私の中に二つの異質な時間が流れていたのだ。一つは、私だけが個人的に直面している現実と結びついた「一人称的な時間」。そして、もう一つは、主観的な感覚や意識に関係なく、誰の上にも共通に流れている客観性を持った「三人称的な時間」である。

人間が生きるうえで決定的に重要なのは、「一人称的な時間」の中で、「生きられた時間」を持てたかどうかということだった。「生きられた時間」とは、哲学者ウジューヌ・ミンコフスキーが提唱した概念だ。

だが、情けないことに、次男が死んで、自分が離人症的な精神状態を経験してはじめて、「生きられた時間」が持てないというのは、ずっと深い実存的な苦しみであったのだと、ようやく実感のレベルで理解できるようになったのだった。

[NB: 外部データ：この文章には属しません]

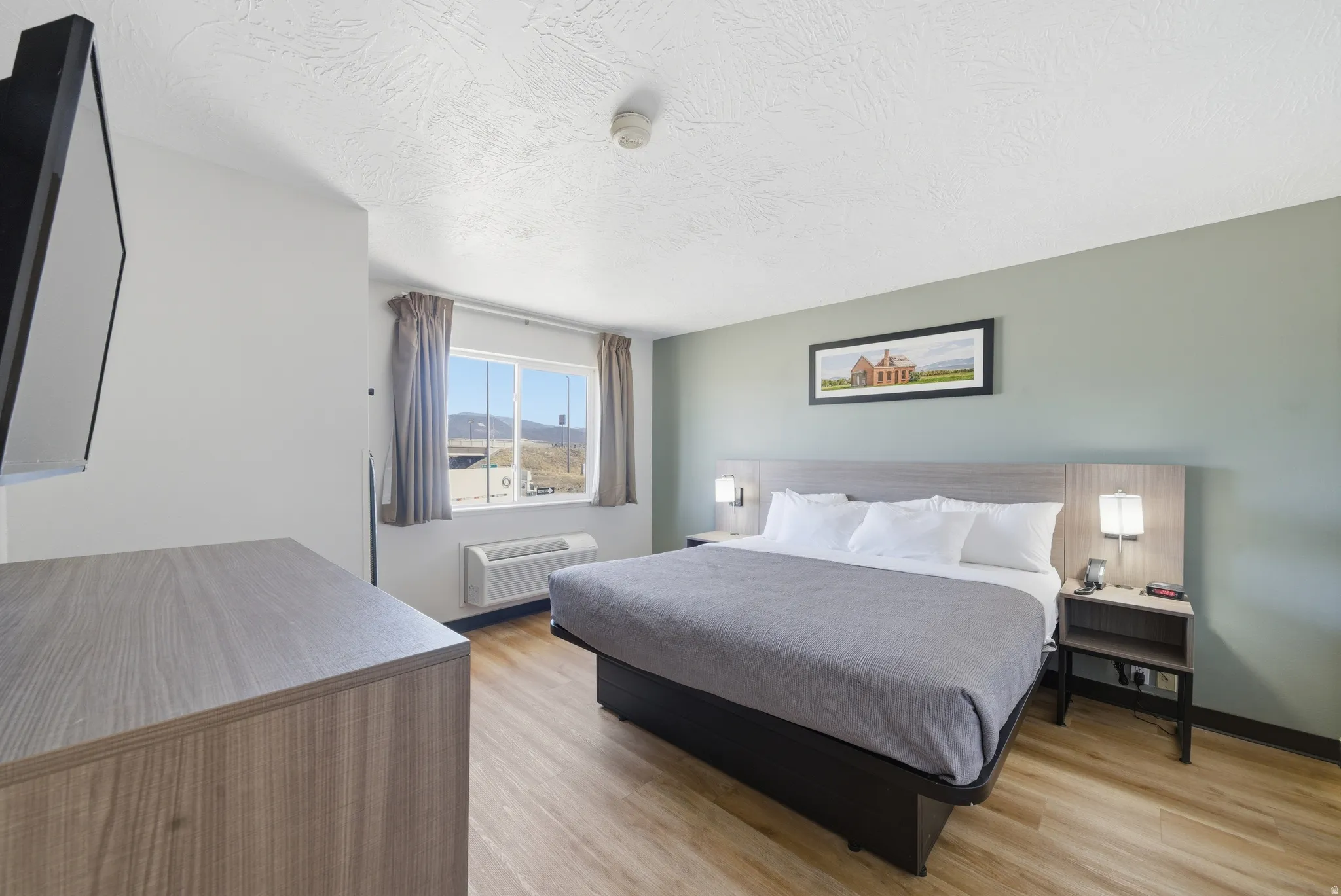Bedroom with light wood finished floors and a textured ceiling
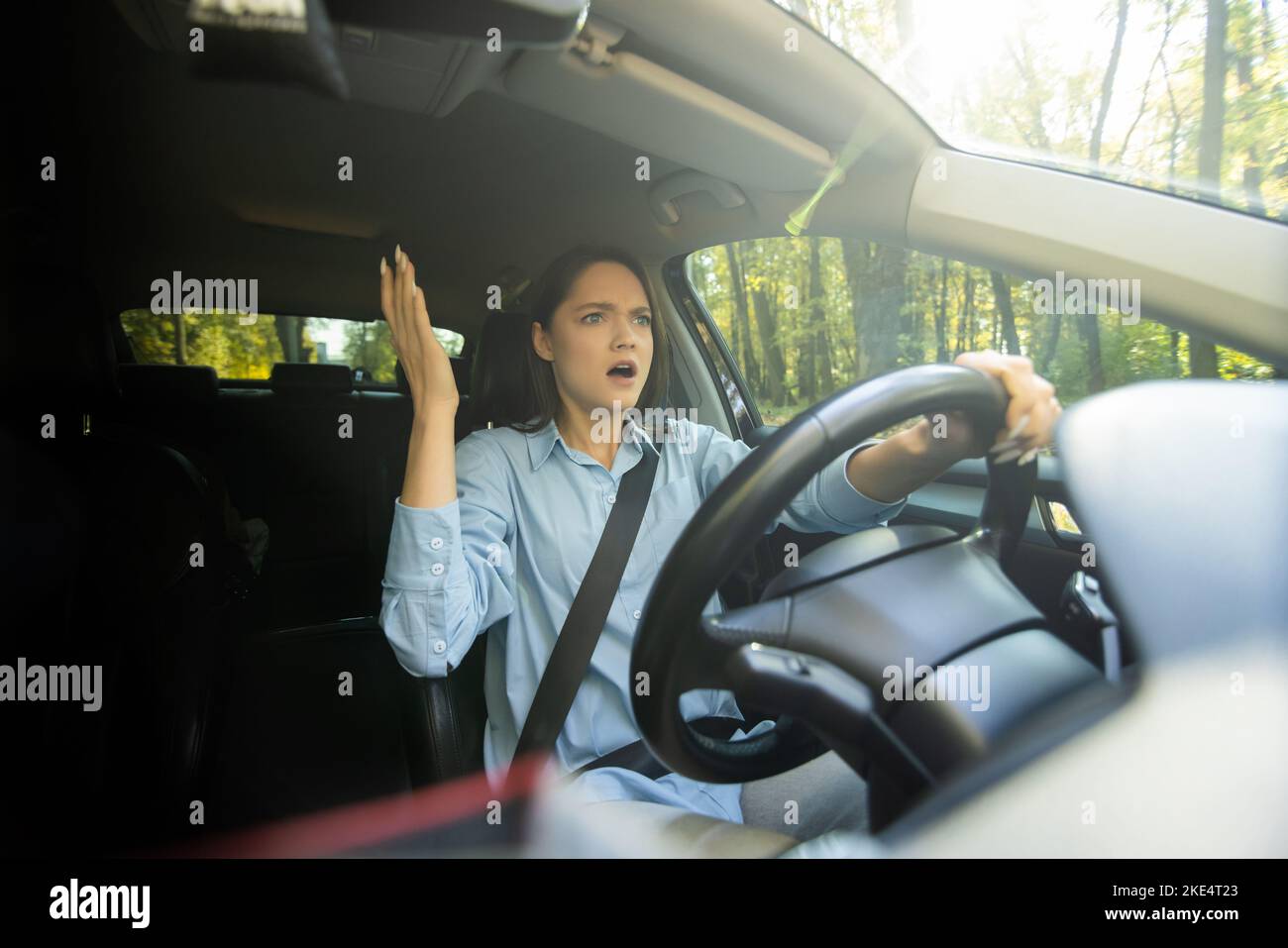 Fright face woman driving car, wide open mouth eyes, strongly squeezing wheel, front window view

こうして「一人称的な時間」や「生きられた時間」というキーワードを手にしてからは、がんや難病などの厳しい病気と闘いながら懸命に生きている人々に生き方を見る眼をより深めることができるようになったと思う。

最近、がん患者たちがよりよく生き抜くための「生きがい療法」が、少しずつ広まっている。

生きがい療法の基本方針五項目の中で、とくに注目したいのは、次の三つの心得だ。

1)ただ生きようと思うのではなく、自分が自分の主治医になったつもりで、病気をしっかり見つめて、前向きな姿勢で治療を受け、がんと闘っていくこと。
2)今日一日の生きる具体的な目標を自覚して、全力投球すること。
3)人にためになることをすること。

このような闘病の姿勢と生き方を次のように表現することができるだろう。すなわち、進行がんになったからといって、絶望したりうつ的になったりして人生を投げ出すのではなく、あるいはただいたずらに生物的な延命(=三人称的な時間の延命)を求めて医師任せの治療を受けるのではなく、自分が直面している厳しい病気の現実に結びついた大事な日々、つまり「一人称的な時間」を可能な限り密度の濃い「生きられた時間」にするべく、主体性をもって治療に臨み、生きがいを実感できる日々を設計していくならば、納得することのできる「これが私の人生だ(This is my life!)」という物語を書けるに違いない。しかも、そういう生き方を貫くならば、唯々諾々と治療を受けているよりも、結果として、はるかに大きな延命効果を獲得することができるにちがいない-と。

このことは、人生の長さとは何か、ひいては本当の長寿とは何か、という本質的な問題について、一つの答を出していると言えるのではないかと、私はとらえている。

そして、私は、次のようなモデルを考えている。

「人生の長さ(意味のある人生の長さ)」=「生きられた時間の長さ」x「その密度」

ここで一つ、補足しておくべき大事な問題がある。それは、生きがい療法の方針の中にある「人のためになることをする」が、なぜ厳しい病気を背負った自分の生を支えることになるのか、その意味についてだ。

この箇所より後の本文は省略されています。